Kritiker bezeichnen ihn als stramm rechts und sprechen ihm die Kompetenz ab, Deutschlands oberste Kulturbehörde zu führen. Diese Einwände scheinen vor allem politisch motiviert. Doch es gibt andere Fragen, die sich mit Weimers Ernennung stellen.
Wolfram Weimer ist nervös. Auf eine E-Mail mit kritischen Fragen reagiert er sofort mit einem Anruf beim Redaktionsleiter. Schriftlich beantworten will er die Fragen nicht, sondern mit dem Journalisten reden. «Sie sind mir wichtig», steht in seiner SMS mit der Bitte um ein baldiges Telefonat.
Über Weimer brach einiges herein, sobald feststand, dass er neuer deutscher Kulturstaatsminister werden soll. Es gibt eine Petition mit mehr als 70 000 Unterzeichnern, die ihn als Minister verhindern wollten. Die «Zeit» wies ihm kürzlich eindeutige Plagiate in seinen Büchern nach. Über keine Personalie des neuen Kabinetts wird mehr geredet als über Weimer. Bis zu seiner Nominierung arbeitete der Sechzigjährige als Journalist und Verleger.
Seinen ersten Arbeitstag als Kulturstaatsminister hat er am Mittwoch, Weimer sitzt nun direkt im Kanzleramt, also im Herzen der Macht. Er wird in vielen Fragen der wichtigste Ansprechpartner für Kultur und Medien in Deutschland sein, 400 Mitarbeiter haben und ein Budget von rund zwei Milliarden Euro verwalten.
Anders als weite Teile der Kulturszene steht Weimer nicht links der Mitte. Gegenwind aus diesem Milieu hatte er einkalkuliert. Dass aber einer der Herausgeber der «Frankfurter Allgemeinen Zeitung» sofort mit einem vernichtenden Text reagierte, überraschte nicht nur Weimer. Ein abschätziges Porträt in der «Süddeutschen Zeitung» folgte einen Tag später.
Lange Freundschaft mit Friedrich Merz
Als Golfpartner des CDU-Chefs Friedrich Merz stellte ihn die Zeitung dar. Der NZZ sagte Weimer, er spiele kein Golf; weder mit Deutschlands neuem Kanzler noch mit sonst jemandem. Er glaubt, dass die Zeitung eine Assoziation mit der amerikanischen Regierung habe herstellen wollen. US-Präsident Donald Trump ist Golfer und dafür bekannt, Vertraute auf wichtige Posten zu hieven, egal, ob sie etwas von der Materie verstehen oder nicht.

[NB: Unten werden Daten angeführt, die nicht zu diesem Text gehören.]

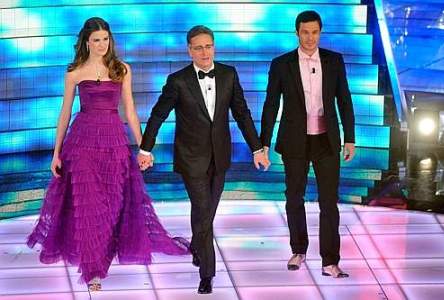 Protetto: ASCOLTI TV DI MARTEDI 17 FEBBRAIO 2009: PER IL FESTIVAL DI SANREMO QUASI IL 50% DI SHARE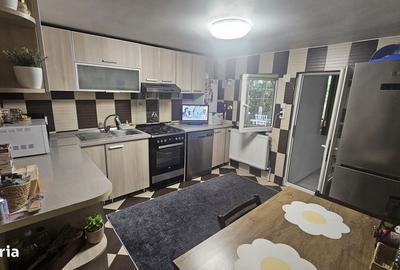 Casă individuală cu 7 camere cu Teren 186 Mp în Rahova - 6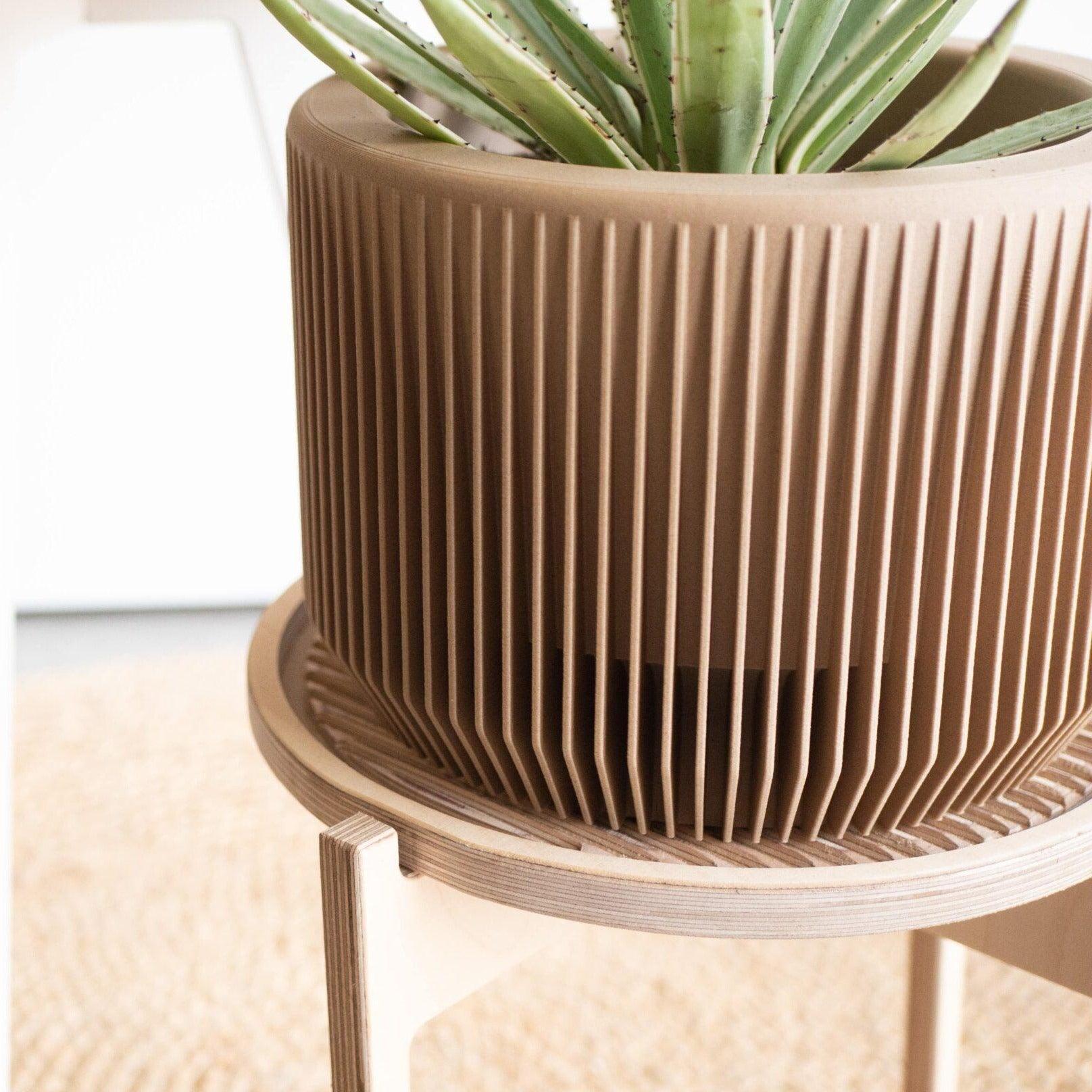 PRAHA Indoor Planter - Minimum Design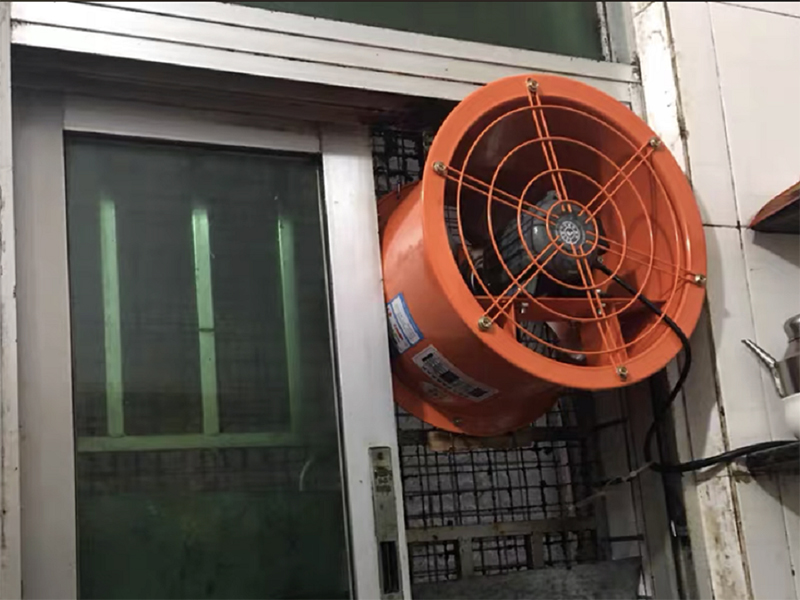 廚房排風扇并不是離灶臺越近效果越好，低于60公分可能造成火災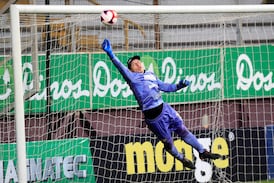Portero que suena para Saprissa subió un video con las maletas listas: “Pronto tendremos equipo nuevo”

Weder hat Weimer als Politiker Erfahrung, noch ist er bisher als jemand aufgefallen, der sich für Deutschlands Kulturszene interessieren würde. Dass die lange währende Freundschaft zu Merz den Ausschlag für den Posten gab, ist wahrscheinlich.
Für seinen neuen Chef raspelte er Süssholz. In Weimers Kolumne bei NTV ist Merz ein «Marathon-Mann» mit «ungewöhnlicher Resilienz und Hartnäckigkeit». Weimer beschreibt den CDU-Chef als eine Art Überpolitiker mit natürlicher Autorität: «Während Olaf Scholz von sich gerne behauptet, man bekomme Führung, wenn man sie bestelle, ist es bei Friedrich Merz genau umgekehrt. Bei ihm bekommt man Führung, ohne dass man sie bestellen muss.»
Die Hymnen über seinen neuen Chef haben nun einen Beigeschmack, zumal eine der affirmativen Kolumnen über Merz erst im April erschien – wenige Wochen vor Weimers Nominierung.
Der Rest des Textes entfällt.